### Records for processing
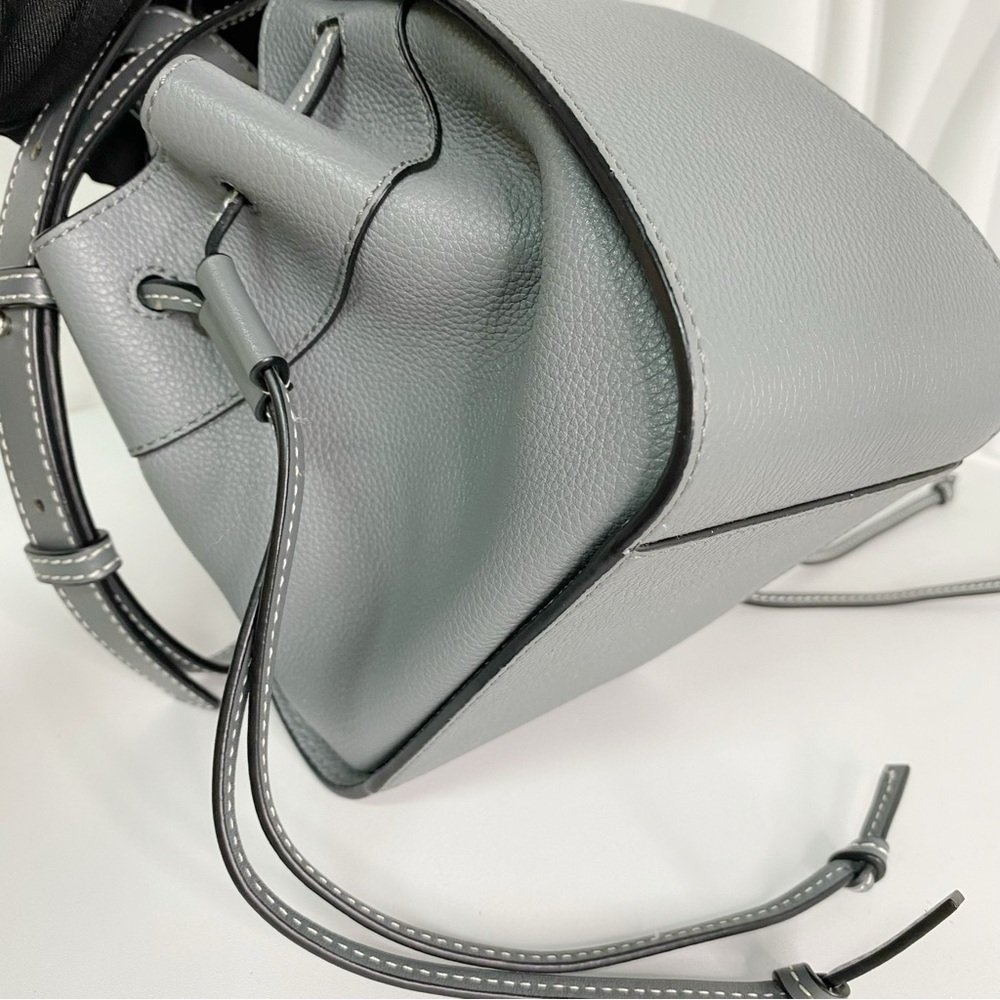 Loewe Hammock Mini Drawstring Handbag Grey - Picture 4 of 9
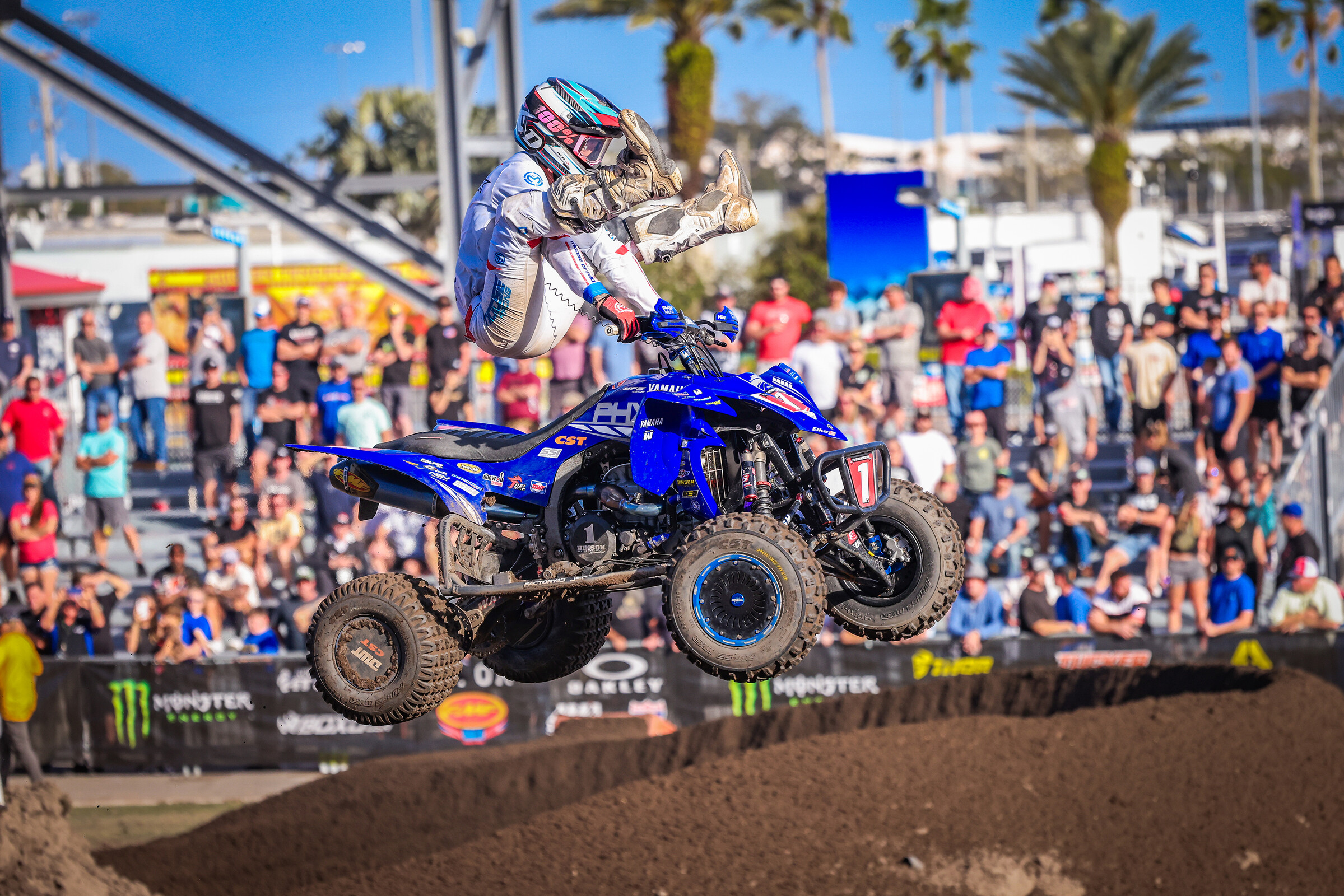 Joel Hetrick (Phoenix Racing Yamaha) earned round 1 and 2 victories in Florida.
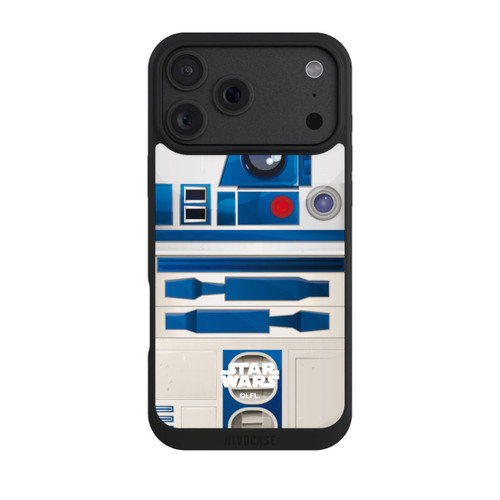 Apple iPhone 18 Pro Max NIVOpure R2D2 Gros plan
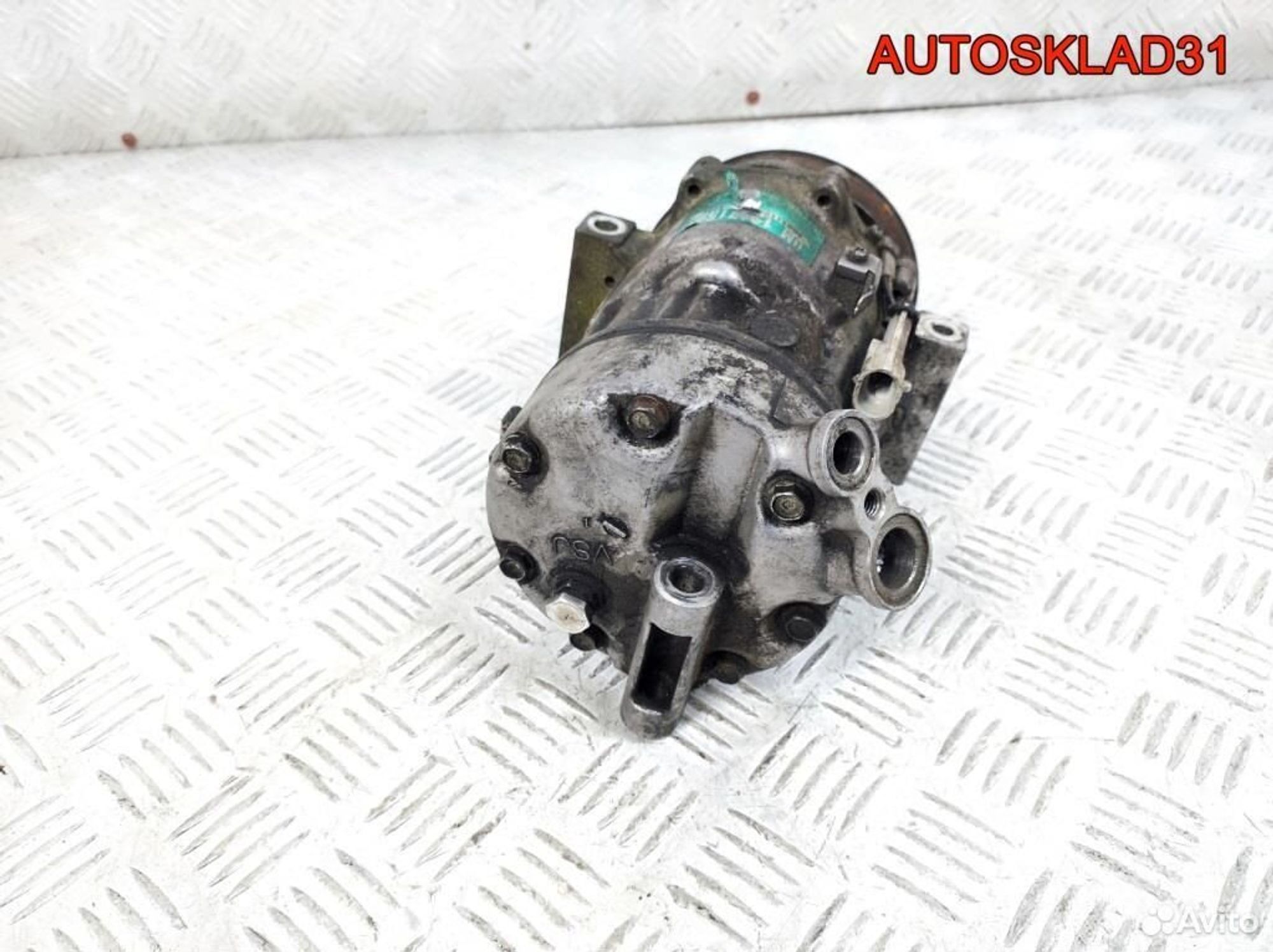 Компрессор кондиционера Opel Vectra C 13171593, 3500 рублей, Дубовое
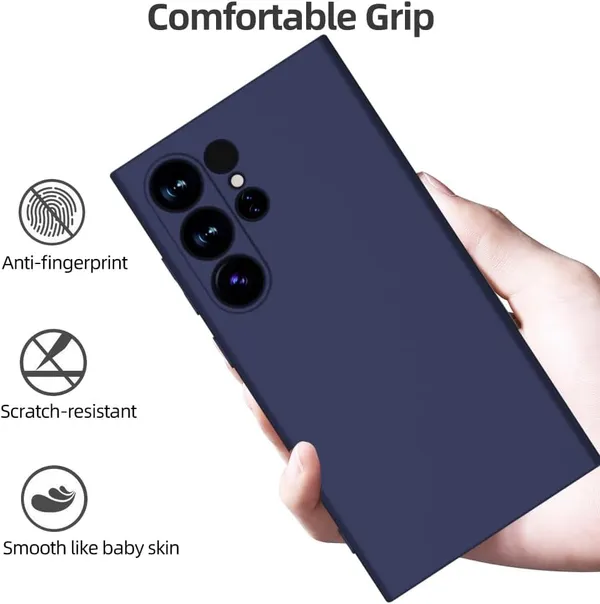 Samsung_Galaxy_S24_Ultra_5G_Blue_Silicone_Protective_Back_Case_Cover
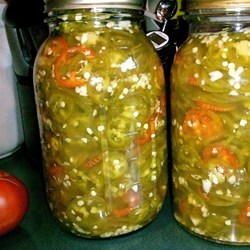 Quick Pickled Jalapeno Rings Recipe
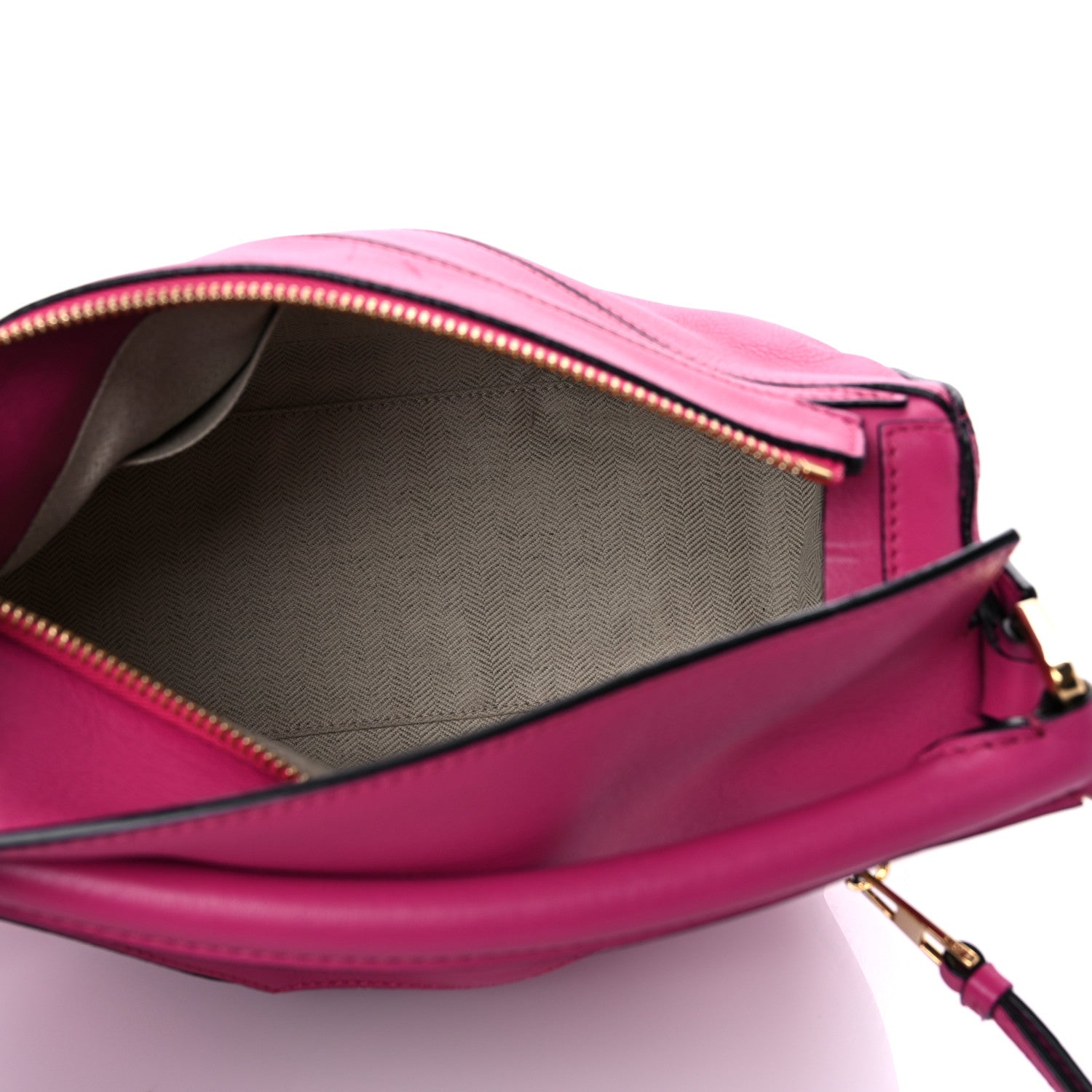 Loewe Calfskin Small Puzzle Bag Fuchsia 5 of 10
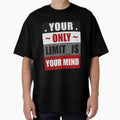 Your Only Limit Is Mind by 9N20 - Adult & Kids T-Shirts, Sweatshirts & Hoodies apparel design preview 1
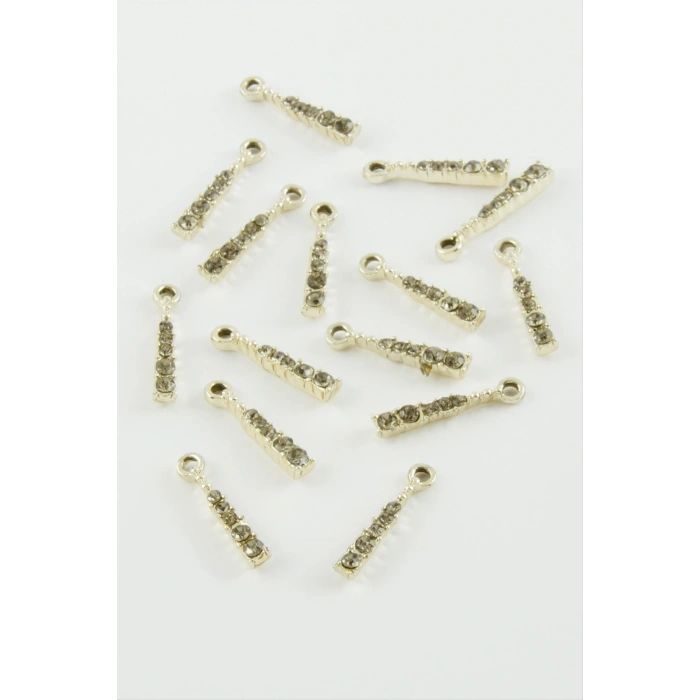 Tek Taşlı Kolye Ucu Aparatı 1 Adet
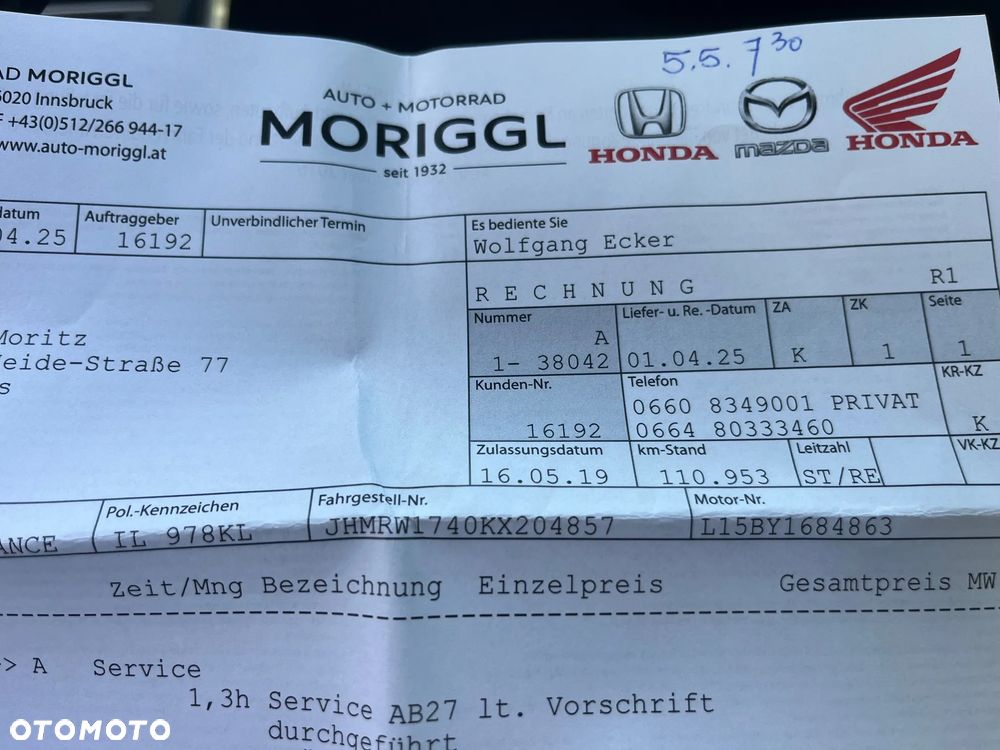 Honda CR-V 1.5T 2WD Elegance - 34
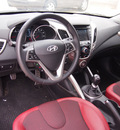 hyundai veloster 2012 red coupe gasoline 4 cylinders front wheel drive 6 speed manual 75070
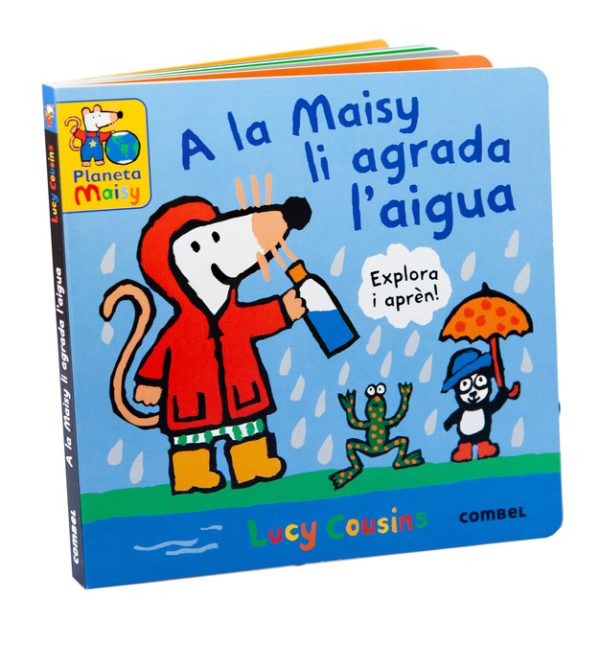 A la Maisy li agrada l'aigua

### Task details
Please output the full listing above exactly, minus any pictures.

### Exercise solution
 Loewe Hammock Mini Drawstring Handbag Grey - Picture 4 of 9
 Joel Hetrick (Phoenix Racing Yamaha) earned round 1 and 2 victories in Florida.
 Apple iPhone 18 Pro Max NIVOpure R2D2 Gros plan
 Компрессор кондиционера Opel Vectra C 13171593, 3500 рублей, Дубовое
 Samsung_Galaxy_S24_Ultra_5G_Blue_Silicone_Protective_Back_Case_Cover
 Quick Pickled Jalapeno Rings Recipe
 Loewe Calfskin Small Puzzle Bag Fuchsia 5 of 10
 Your Only Limit Is Mind by 9N20 - Adult & Kids T-Shirts, Sweatshirts & Hoodies apparel design preview 1
 Tek Taşlı Kolye Ucu Aparatı 1 Adet
 Honda CR-V 1.5T 2WD Elegance - 34
 hyundai veloster 2012 red coupe gasoline 4 cylinders front wheel drive 6 speed manual 75070
 A la Maisy li agrada l'aigua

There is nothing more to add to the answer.